[What you will do] Transcribe each entry below exactly. Pictures do not go in the copy.

Stored data entries:
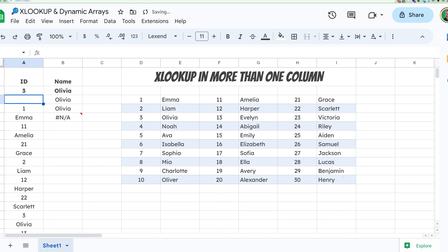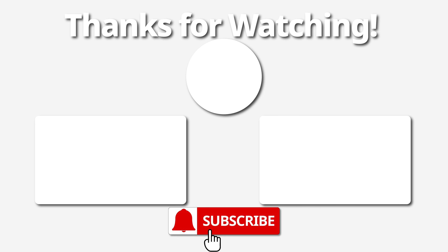I thought this was pretty cool. Thanks to Oz for the idea from Excel yesterday. Hope this is helpful for you in Google Sheets today. You're awesome — have a great one, bye.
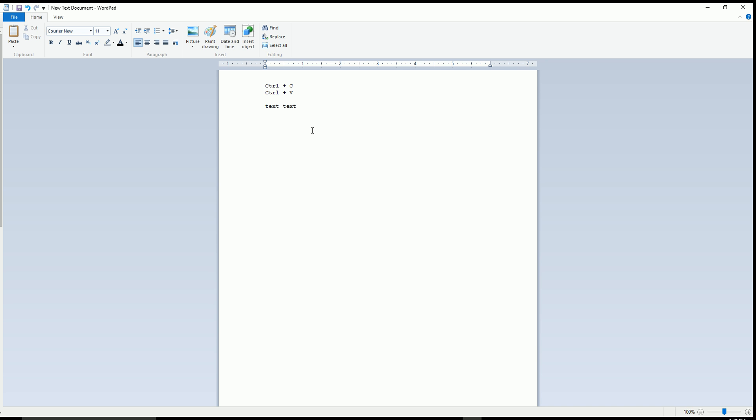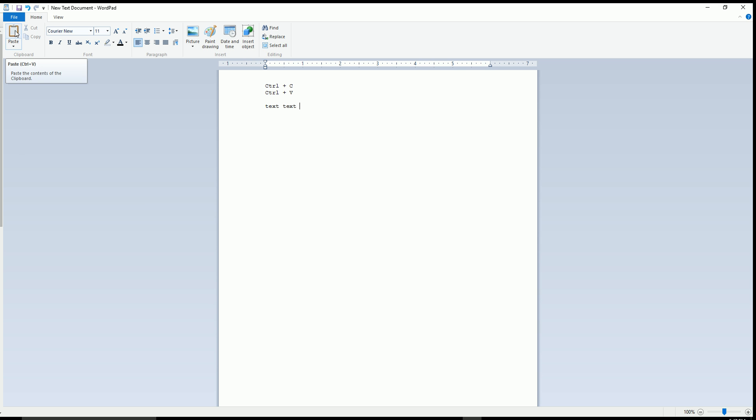Most programs also have an option to copy and paste from within the program. Sometimes you have to go to edit, my WordPad has it right here. Select copy, go back here so you don't overwrite it. Hit the space bar, go back here, select paste.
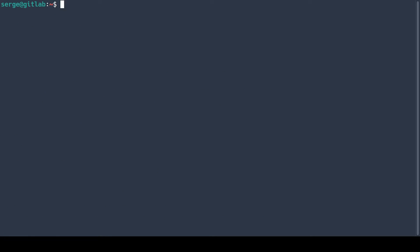After installation, start the GitLab processes and verify that GitLab is running. Check the status of your GitLab installation. Let's do it.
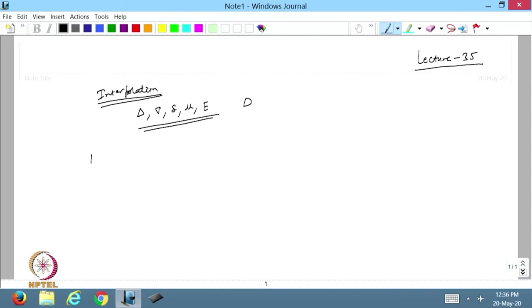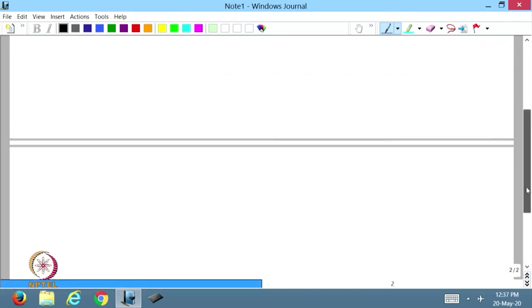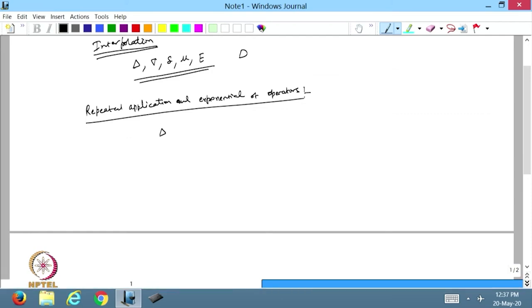Now we want to discuss the repeated application and exponential of operators. What is the meaning of repeated applications? It means that suppose I want to apply the forward operator two times on the given function f(x). I can write this as Δ²f(x), meaning we are repeating this process two times.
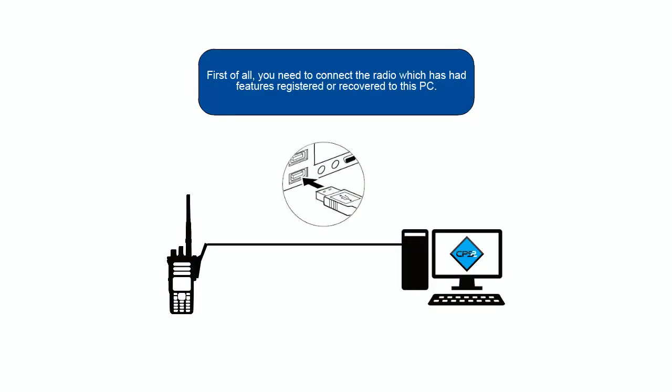First of all, you need to connect the radio which has had features registered or recovered to this PC.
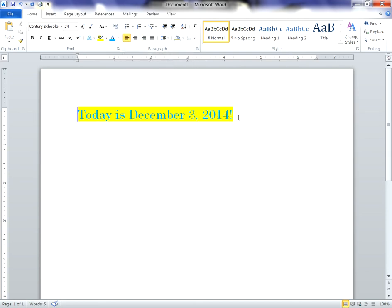So that is a quick look at how you modify text in Microsoft Word. And if you have a color printer, of course, then this will print. And if you don't, you have a black and white printer, then it's going to print in a lighter shade of black and white. Thanks for watching.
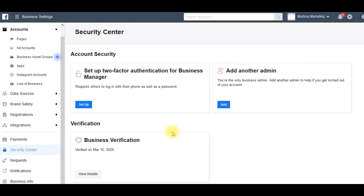There we go - business verified, all done. And that should make me able to accept all the pixels and create extra ad accounts a lot earlier than I could with a brand new business manager otherwise.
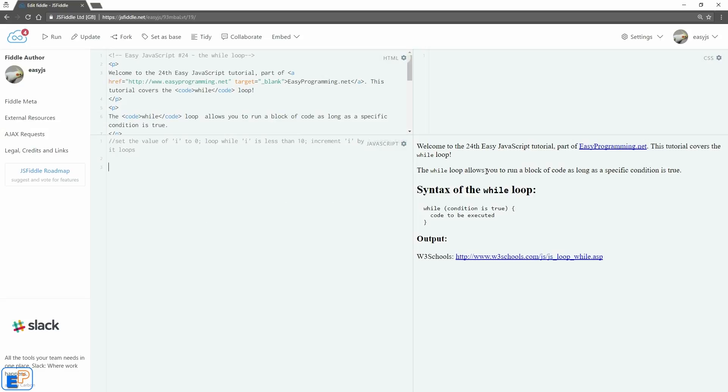The while loop allows you to run a block of code as long as the specified condition is met. It's similar to the for loop, so let's take a look at the structure.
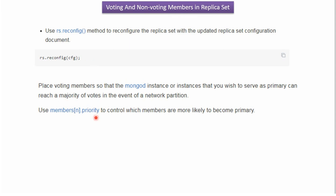The priority attribute is used to control which members are more likely to become the primary.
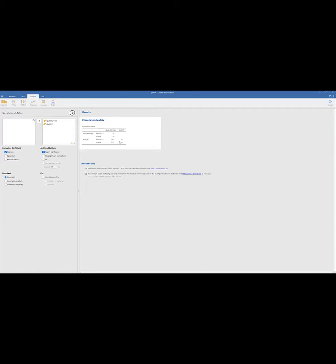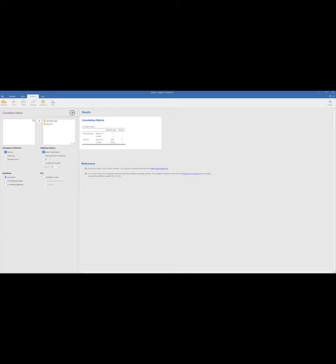We want to look for a significant correlation between qual marriage and qual PC. We take a look right here at our p-value and we want to know, is this larger than 0.05? It is not, so what this tells us is there's no significant correlation between qual marriage and qual PC.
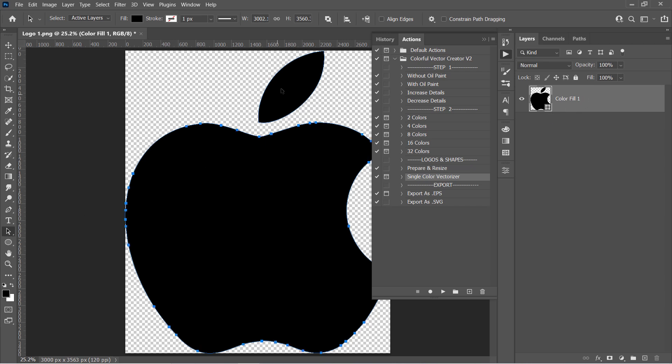You can do the same process with multi-color logos. Also, you can save the final output as SVG or EPS, as I will explain in the next step.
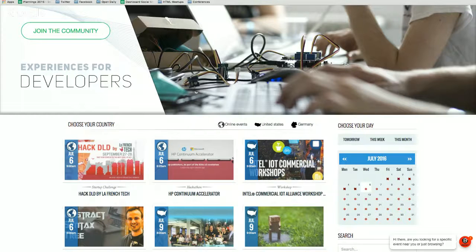Hi everyone and welcome to another Be My Up webinar. We'll be starting very shortly.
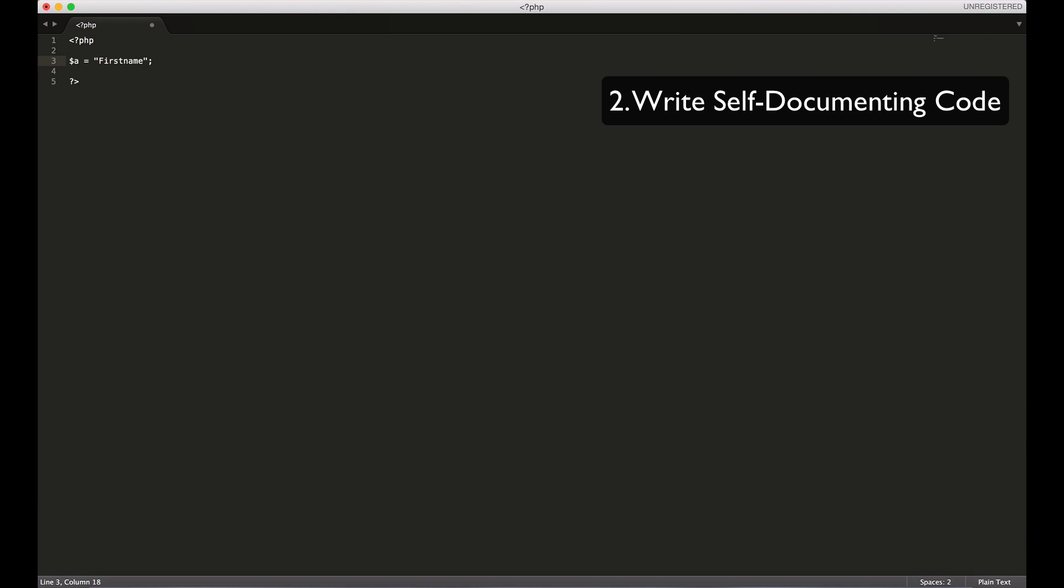You can very much easily just name it instead of A, you could go and say first name. So now just by looking at this variable name, I can know instantly that whatever is going to be stored in this variable has this meaning, that it's the first name of someone or some object somewhere.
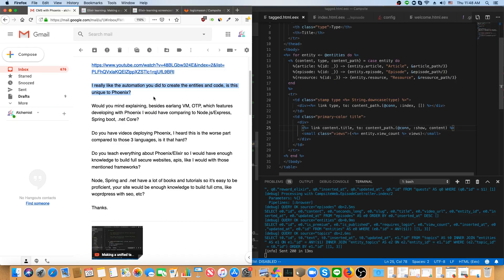Hey, what's up? This is Mark at Alchemist.Camp, where usually we learn the Elixir programming language and the Phoenix framework by building things. But today is a Q&A session, so I'm just going to go through a number of questions I got from a viewer named Eric.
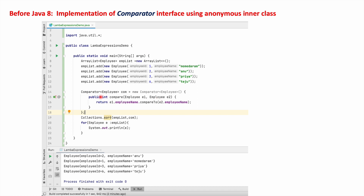The compareTo method returns -1 if employee1 is less than employee2, +1 if employee1 is greater than employee2, and 0 if both employee names are the same. We then use Collections.sort passing the employee list and this comparator, so the employee objects are ordered based on the comparator implementation. This is how before Java 8 we implemented the Comparator interface.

[Result of this task]
I thought this was pretty cool. Thanks to Oz for the idea from Excel yesterday. Hope this is helpful for you in Google Sheets today. You're awesome — have a great one, bye.
Most programs also have an option to copy and paste from within the program. Sometimes you have to go to edit, my WordPad has it right here. Select copy, go back here so you don't overwrite it. Hit the space bar, go back here, select paste.
After installation, start the GitLab processes and verify that GitLab is running. Check the status of your GitLab installation. Let's do it.
Now we want to discuss the repeated application and exponential of operators. What is the meaning of repeated applications? It means that suppose I want to apply the forward operator two times on the given function f(x). I can write this as Δ²f(x), meaning we are repeating this process two times.
First of all, you need to connect the radio which has had features registered or recovered to this PC.
So that is a quick look at how you modify text in Microsoft Word. And if you have a color printer, of course, then this will print. And if you don't, you have a black and white printer, then it's going to print in a lighter shade of black and white. Thanks for watching.
There we go - business verified, all done. And that should make me able to accept all the pixels and create extra ad accounts a lot earlier than I could with a brand new business manager otherwise.
The while loop allows you to run a block of code as long as the specified condition is met. It's similar to the for loop, so let's take a look at the structure.
The priority attribute is used to control which members are more likely to become the primary.
We want to look for a significant correlation between qual marriage and qual PC. We take a look right here at our p-value and we want to know, is this larger than 0.05? It is not, so what this tells us is there's no significant correlation between qual marriage and qual PC.
You can do the same process with multi-color logos. Also, you can save the final output as SVG or EPS, as I will explain in the next step.
Hi everyone and welcome to another Be My Up webinar. We'll be starting very shortly.
You can very much easily just name it instead of A, you could go and say first name. So now just by looking at this variable name, I can know instantly that whatever is going to be stored in this variable has this meaning, that it's the first name of someone or some object somewhere.
Hey, what's up? This is Mark at Alchemist.Camp, where usually we learn the Elixir programming language and the Phoenix framework by building things. But today is a Q&A session, so I'm just going to go through a number of questions I got from a viewer named Eric.
The compareTo method returns -1 if employee1 is less than employee2, +1 if employee1 is greater than employee2, and 0 if both employee names are the same. We then use Collections.sort passing the employee list and this comparator, so the employee objects are ordered based on the comparator implementation. This is how before Java 8 we implemented the Comparator interface.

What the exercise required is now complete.